WORK TO BE COMPLETED
The copy should hold exactly the lines below from the one that contains "Interior view of" through the one that contains "ears of wheat" and nothing else, so no pictures.
[[ SUPPLIED MATERIAL open ]]
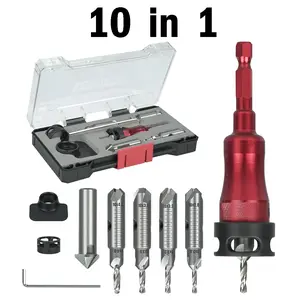 10 in 1 Countersink Drill Bit Set, Countersink Drill Bit with Depth Stop, M2 high-speed steel ，4 Reversible Heads & Vertical Pilot Adjustable, Hex Shank Key & Chamfer Tool for Woodworking Projects，tools and gadgets for him，drill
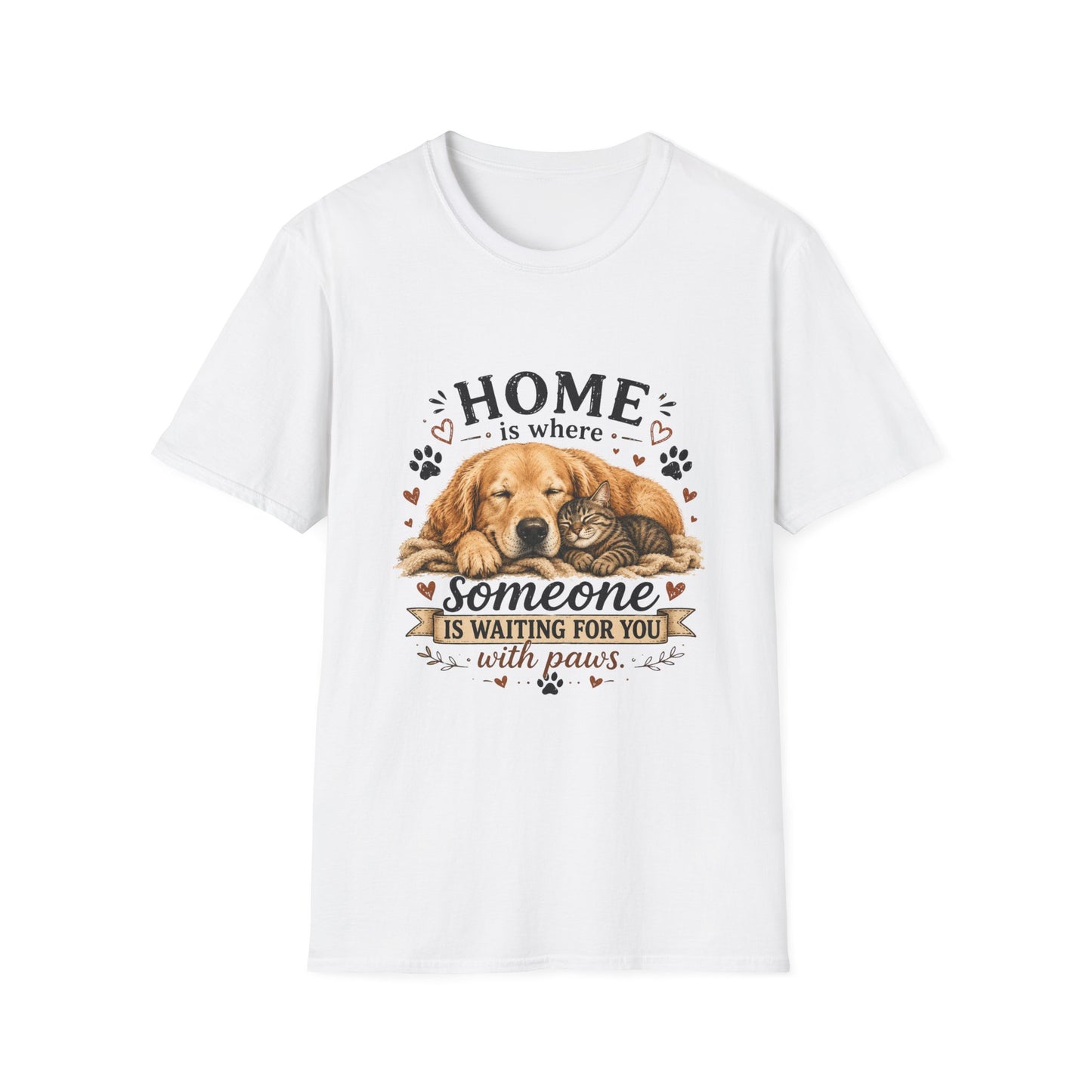 T-Shirt — "Home is where someone is waiting for you with paws" Cute Golden Retriever Dog & Cat Cozy Tee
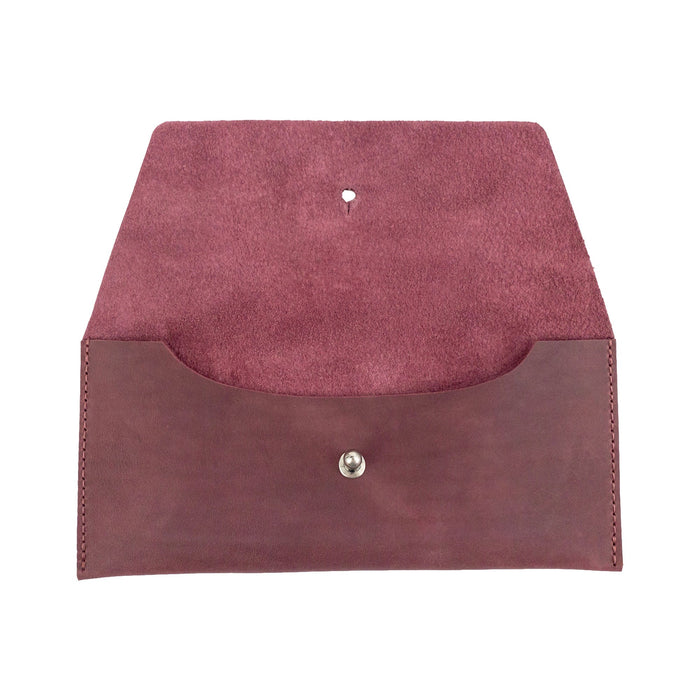 Interior view of the Long Utility Pouch by Hide & Drink in earthy tone, emphasizing its practical storage for cash and cards. An artisan-crafted wallet that blends style and function.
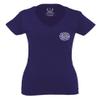 0058. American Flag Thin Red Line Firefighter Support Seal for Women V Neck Fitted T Shirt (Navy Blue, X Small) view 2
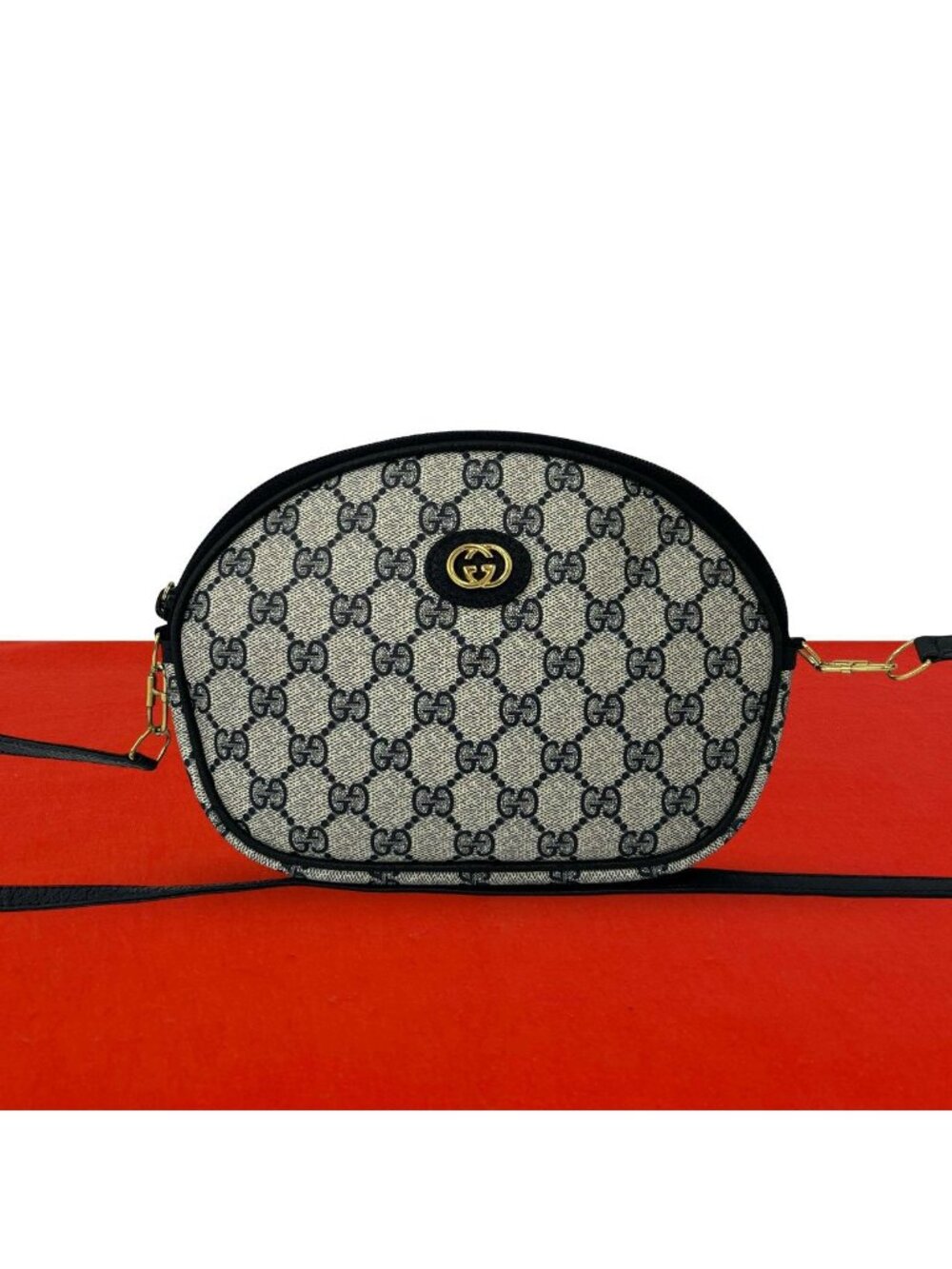 Gucci Vintage GG Logo Leather Shoulder Bag Pochette Crossbody Navy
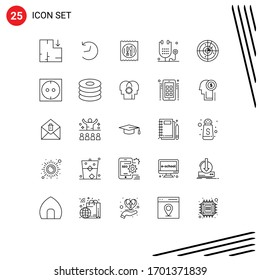 25 Universal Lines Set for Web and Mobile Applications signaling; area; knife; medicine; form Editable Vector Design Elements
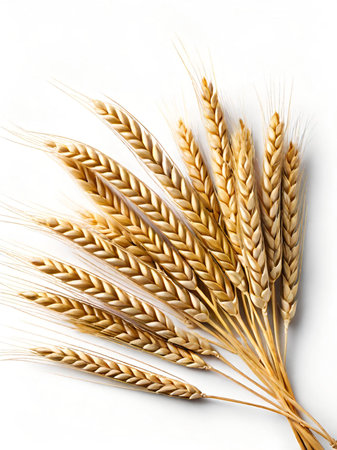 ears of wheat and barley on a white background.の素材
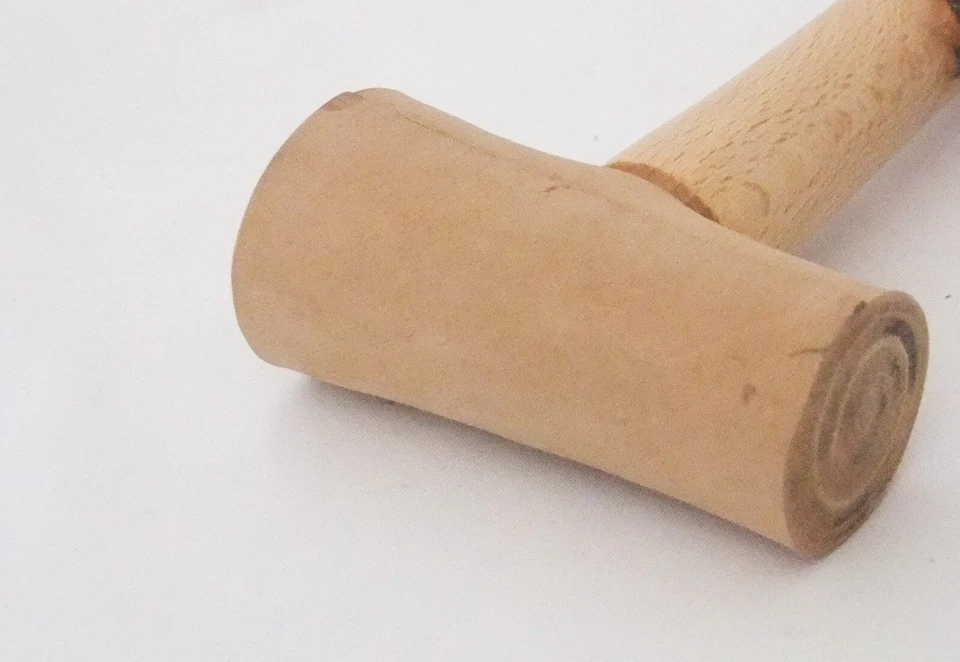 Mazo de cuero crudo natural con cara de 2 tamaños de 1 y 1,25 pulgadas Foto 2 de 2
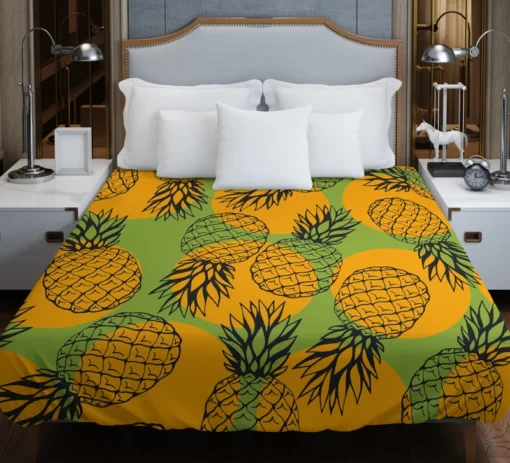 Pineapple Printed Pattern Duvet Cover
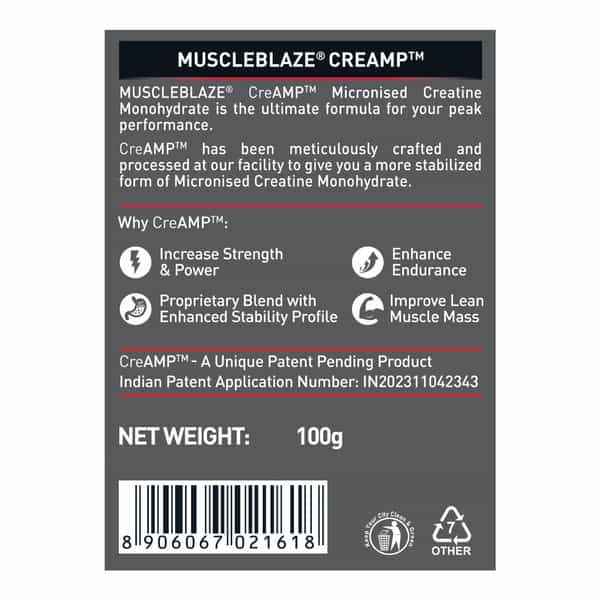 Muscleblaze Creatine Monohydrate Creamp | Trustified Certified Creatine (Unflavoured | 100 G)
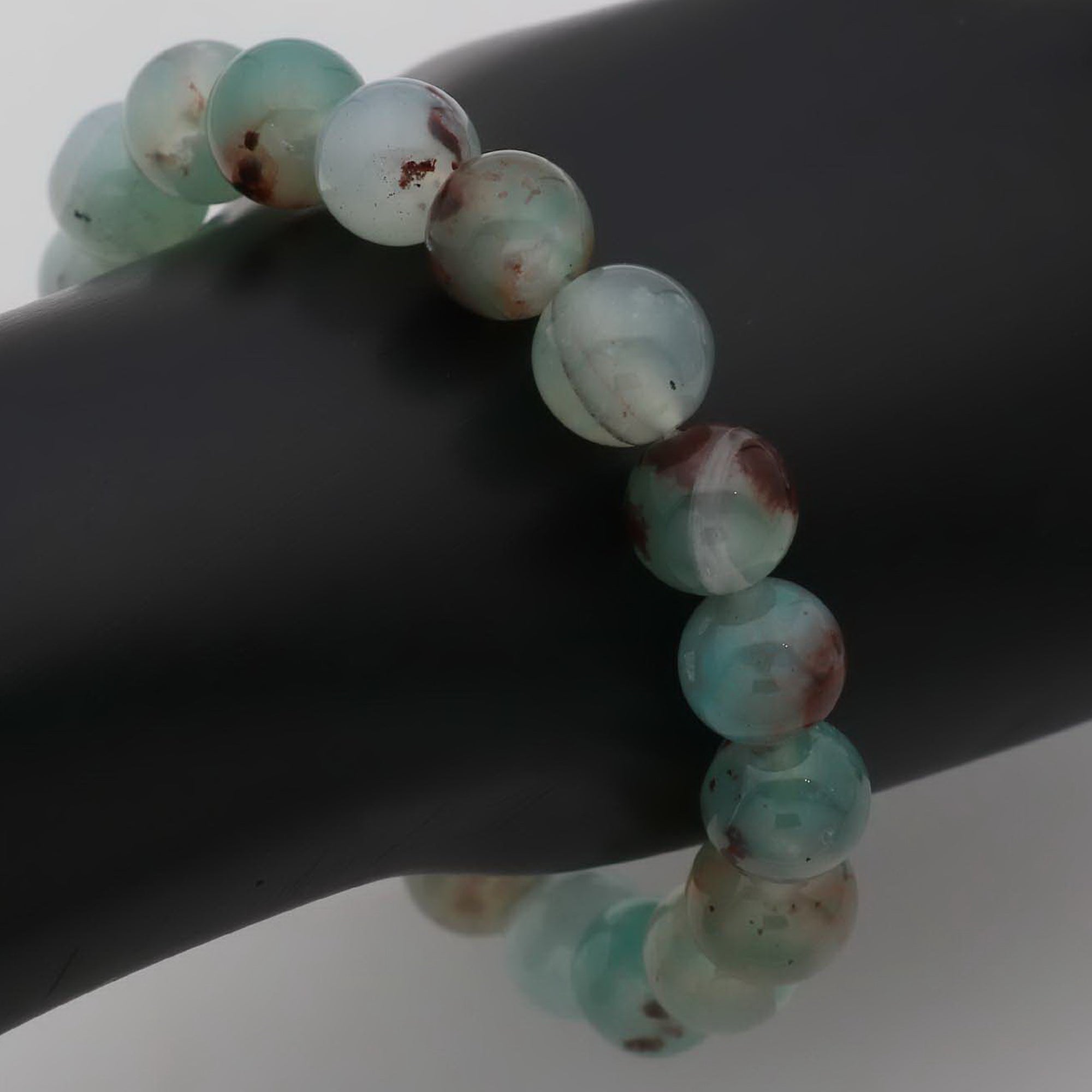 Sky Blue Aqua Chalcedony Bracelet Genuine Natural Round Bead Jewelry Handmade 167 Ct
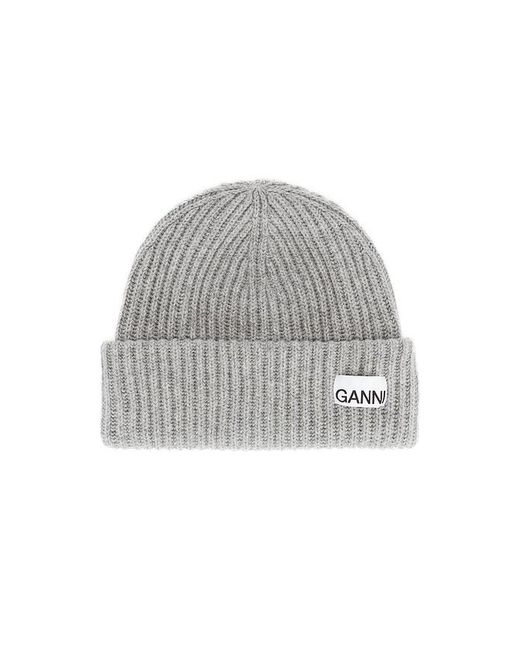 Ganni Multicolor Structured Rib Beanie
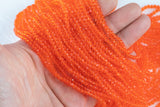 3mm Crystal Rondelle Hot Orange Beads -2 or 5 or 10 STRANDS- Extra Fine-14 inches long about 100+ Beads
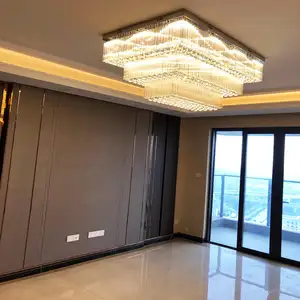 Custom Luxury Project Crystal Chandelier For Hotel Lobby Big Pendant Lamps Modern Design large chandelier for the banquet hall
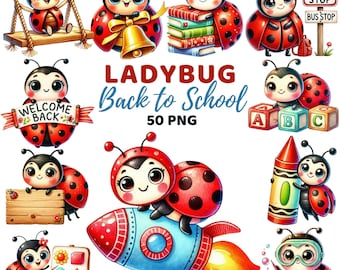 Ladybug Back to School Clipart Watercolor Cute Teacher Ladybug, Student School, Insect Kids Classroom Decor Education Learning Png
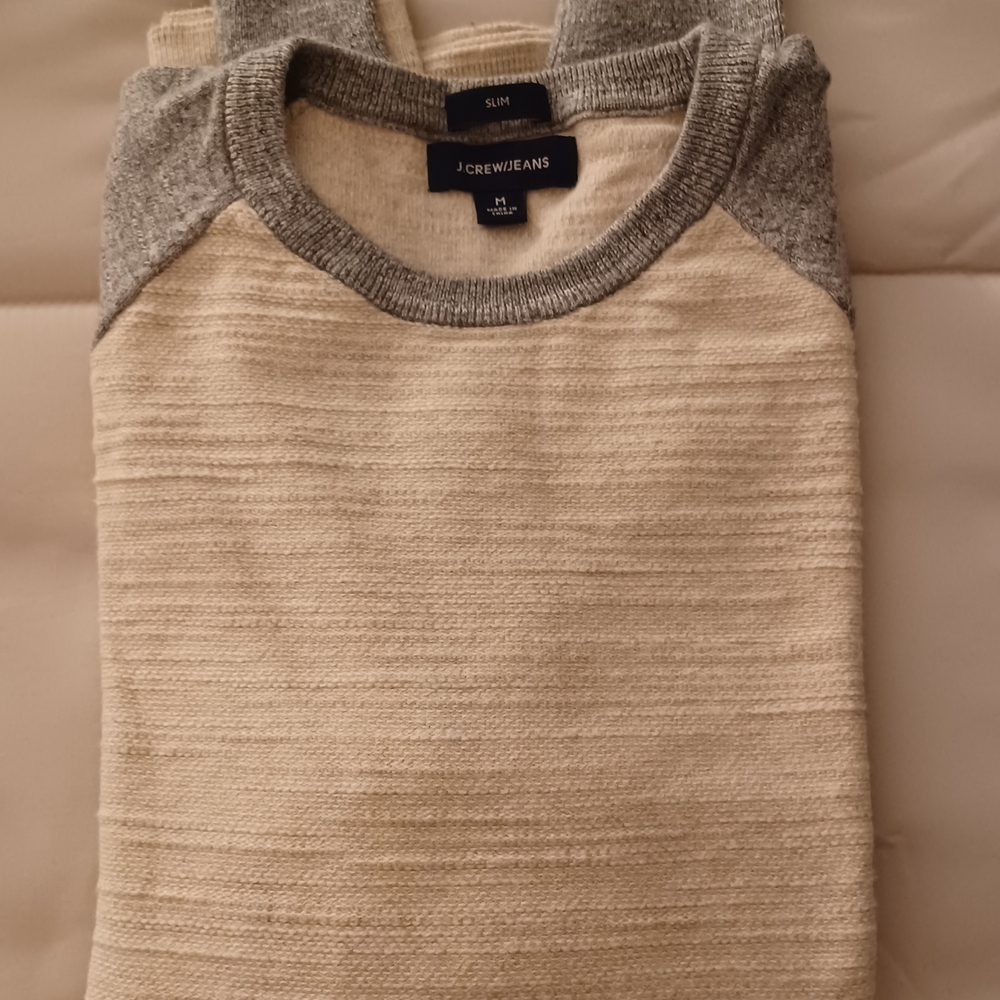 J. Crew Cream and Gray Raglan Crewneck Sweater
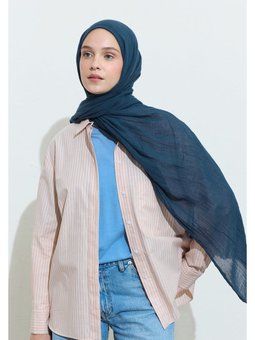 Pamuklu Keten Şal Blueberry Soda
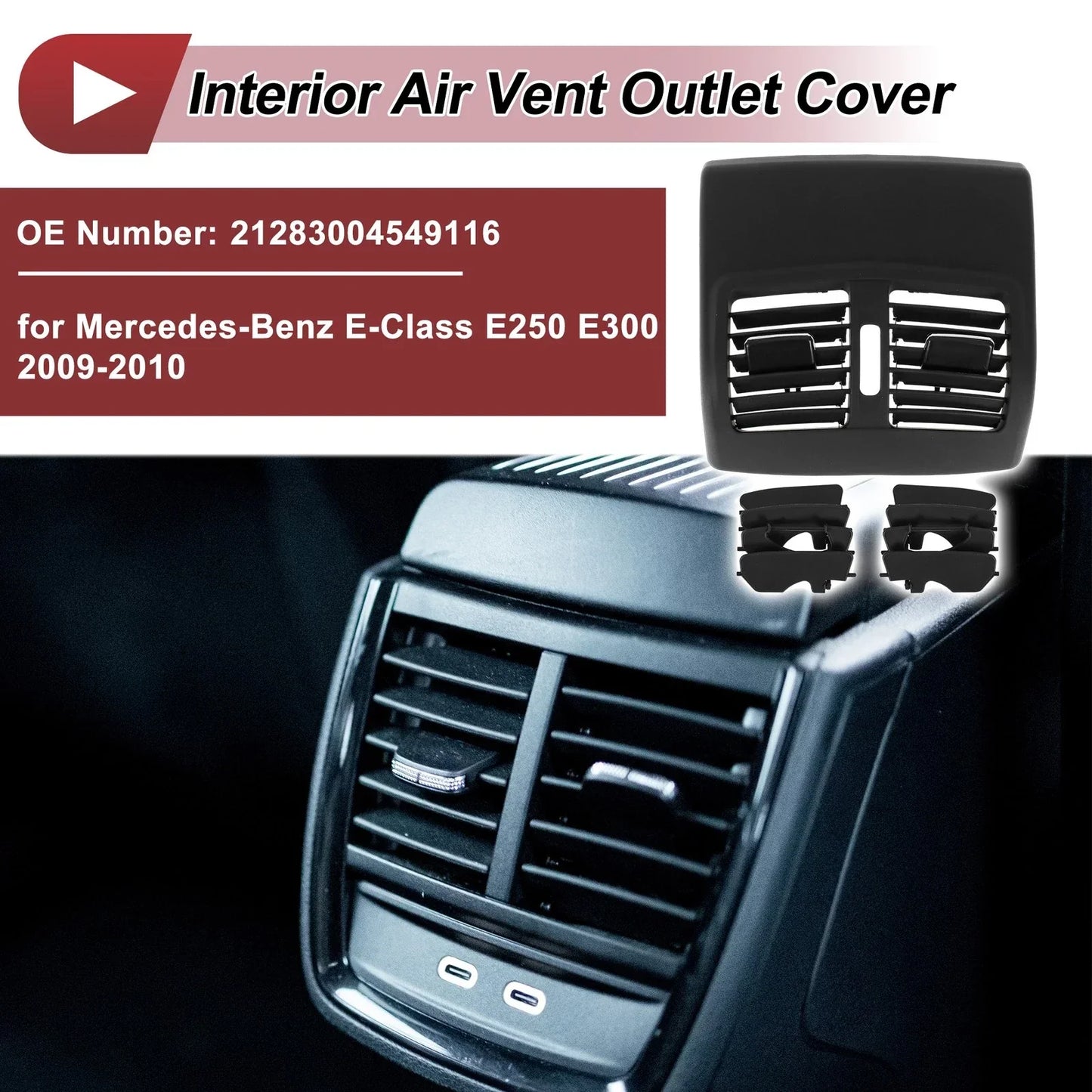 Rear Center Console Air Outlet Vent Grille for Mercedes-Benz (2016-2023)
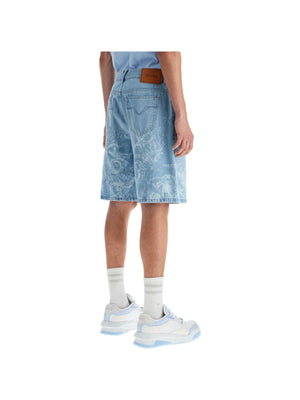 Lasered Barocco Sea Denim Shorts.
[[ SUPPLIED MATERIAL closed ]]
TASK SOLUTION
 Interior view of the Long Utility Pouch by Hide & Drink in earthy tone, emphasizing its practical storage for cash and cards. An artisan-crafted wallet that blends style and function.
 0058. American Flag Thin Red Line Firefighter Support Seal for Women V Neck Fitted T Shirt (Navy Blue, X Small) view 2
 Gucci Vintage GG Logo Leather Shoulder Bag Pochette Crossbody Navy
 25 Universal Lines Set for Web and Mobile Applications signaling; area; knife; medicine; form Editable Vector Design Elements
 ears of wheat and barley on a white background.の素材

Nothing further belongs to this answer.